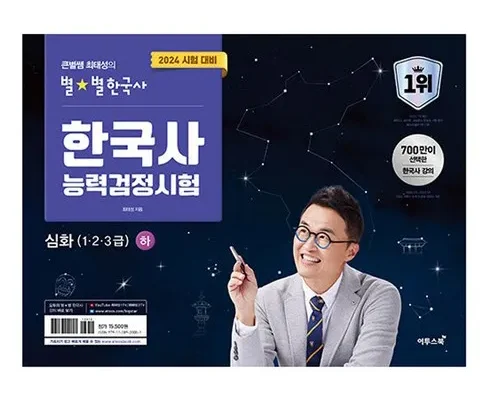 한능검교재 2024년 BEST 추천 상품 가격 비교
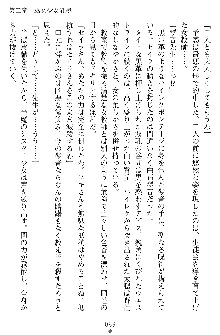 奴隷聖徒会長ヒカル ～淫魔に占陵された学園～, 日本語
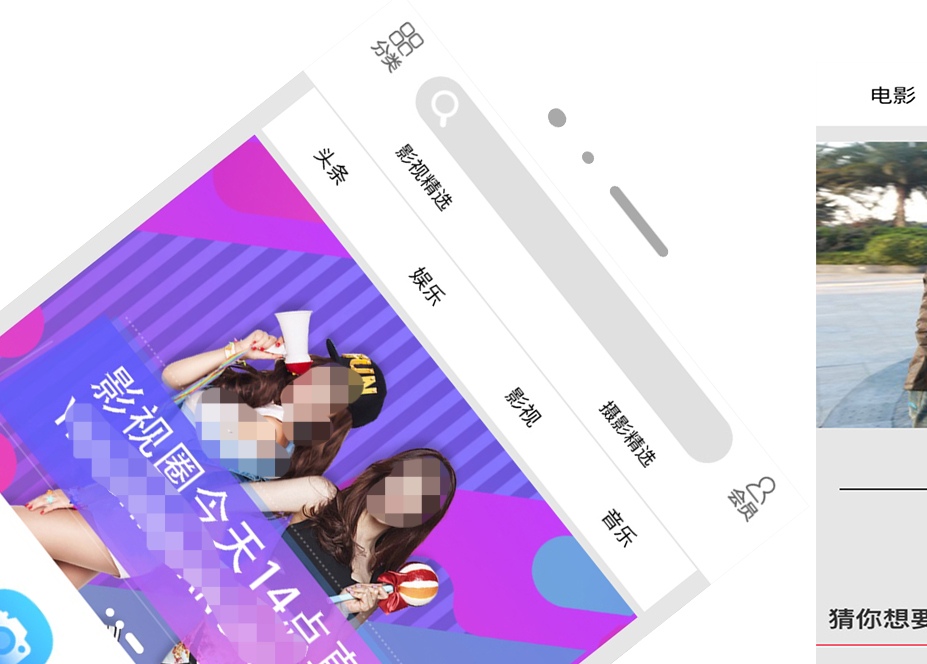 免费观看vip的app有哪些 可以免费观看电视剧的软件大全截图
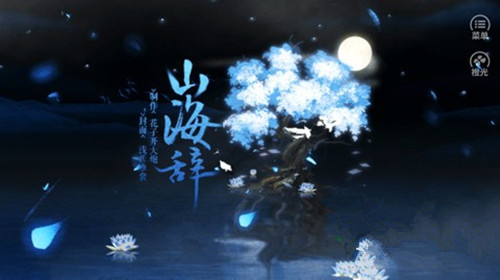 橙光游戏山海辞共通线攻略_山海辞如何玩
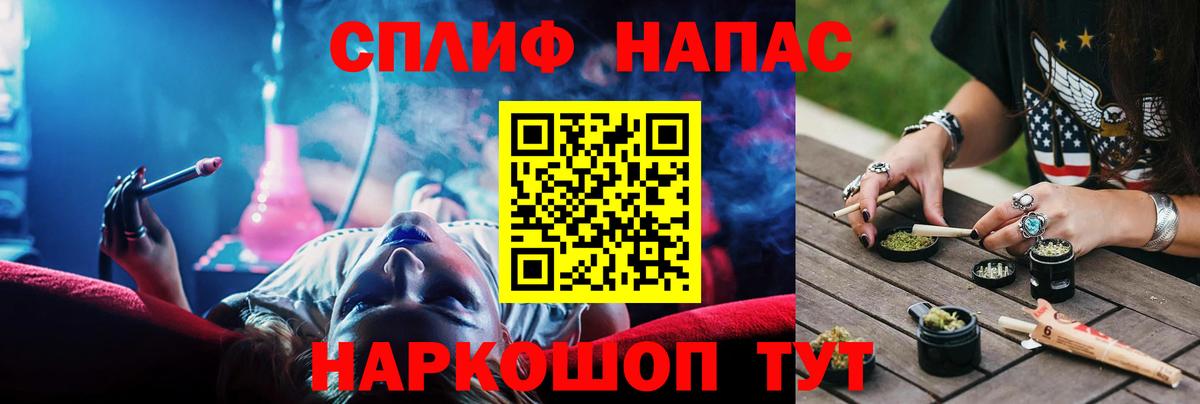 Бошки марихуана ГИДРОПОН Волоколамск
━━━━━━━━━━━━━━━━━━━━
WORK TO BE COMPLETED. Starting at the line that contains "橙光游戏山海辞共通线攻略_山海辞如何玩", reproduce exactly and only the lines through the end of the entries above, with the pictures excluded.

ANSWER BOX.
 橙光游戏山海辞共通线攻略_山海辞如何玩
 Бошки марихуана ГИДРОПОН Волоколамск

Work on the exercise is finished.